The market fears Vestas won’t see improved operating margins despite diminishing costs in 2023, according to investment bank Jefferies.
Photo: Vestas Pr
Photo: Vestas Pr
BY MARKETWIRE, TRANSLATED BY CHRISTOFFER ØSTERGAARD

Short-term concerns regarding the supply chain situation and China’s growth have weighed down Vestas’ share, resulting in a lukewarm start to the year.

The market fears that not even 2023 will be the year that sees Vestas improve earnings margins despite diminishing costs, according to an assessment carried out by investment bank Jefferies ahead of the publication of the Danish turbine manufacturer’s annual report, set to be released in February.

Throughout 2022, the company has been heavily impacted by rising costs of raw materials and logistics, among other factors bearing down on its earnings capacity. 
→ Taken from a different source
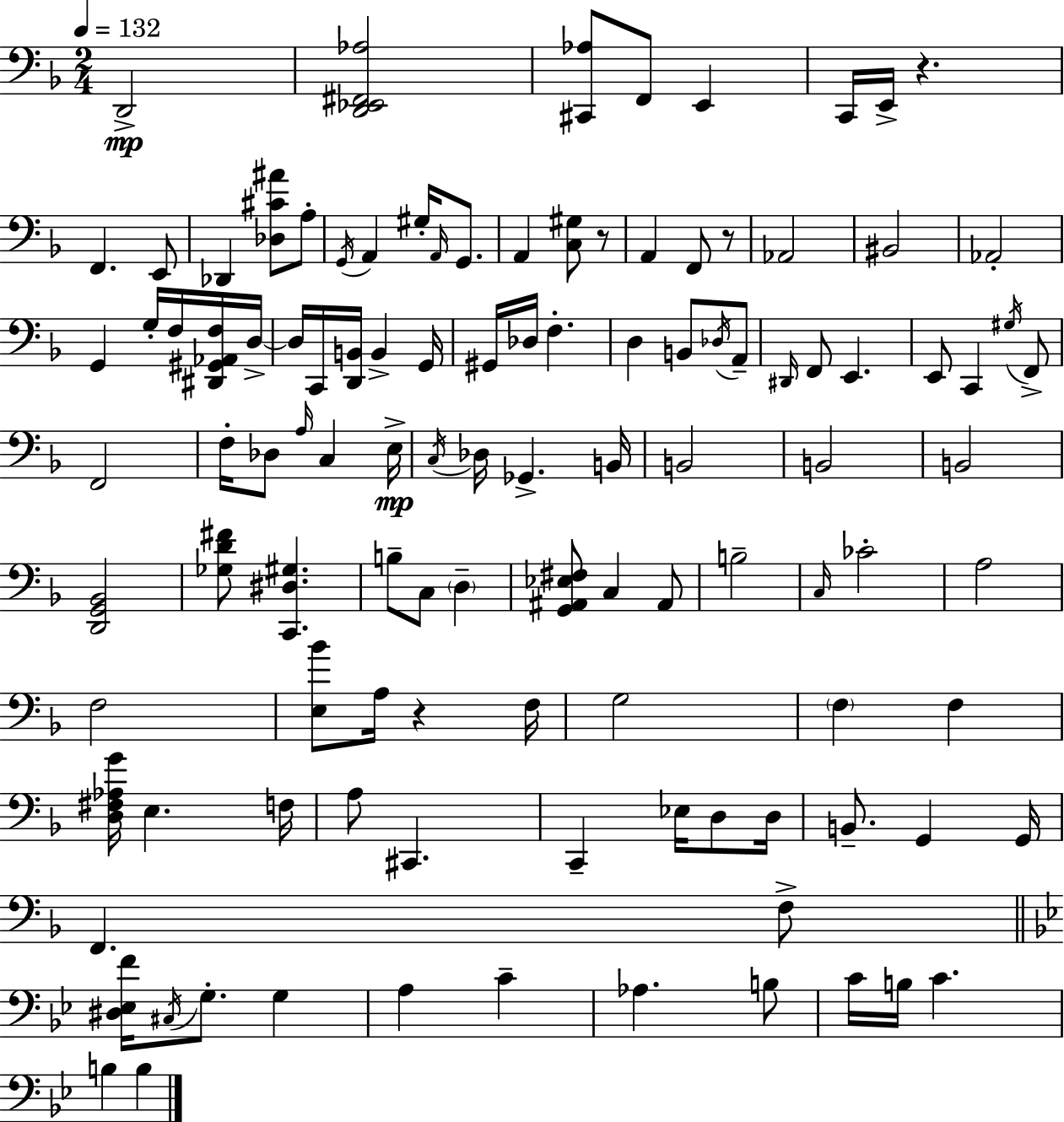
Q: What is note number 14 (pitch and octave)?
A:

Vestas expects an EBIT margin before special items of approx. 5% in 2022.

The market is especially focused on the operations forecast when Vestas releases the Q4 report along with the full 2022 report on Feb. 8.

”Management will remain cautious about the margin forecast given that there are still uncertainties ahead and especially in the first half of year as a result of improvement in supply chains and in China,” Jefferies states.

Uncertainties in relation to China and the supply chains are considered temporary, however ­ though the question remains how long such challenges will persist. The market will know more on this after Vestas releases its 2023 guidance in connection with the annual accounts.

The turbine maker’s guidance could prove the last straw leading investors to scout further ahead in the hopes of improvement, thus potentially weigh down on the share price, writes Jefferies.

Effect of subsidies

Last year, the US government approved the Inflation Reduction Act, which comes with subsidies for renewable energy projects, and there are talks of similar legislation in the EU.

Jefferies raises doubts about whether the legislative packages will have the desired effect. Conversely, analysts note that these subsidies are far more than extensive than those of the past.

”State subsidies and tax breaks should support the financials of the projects and the scalability in production capacity. Most importantly, there is a strong focus on construction permits, which remain the primary bottleneck in Europe.”

Despite risks of delays in constructing wind projects, Jefferies highlights energy security and energy independence as topics which are here to stay.

Jefferies has a ”buy” recommendation and settles on a target price of DKK 254 for the Vestas share, which ended 0.5% higher at DKK 202.05 as trading closed on Friday.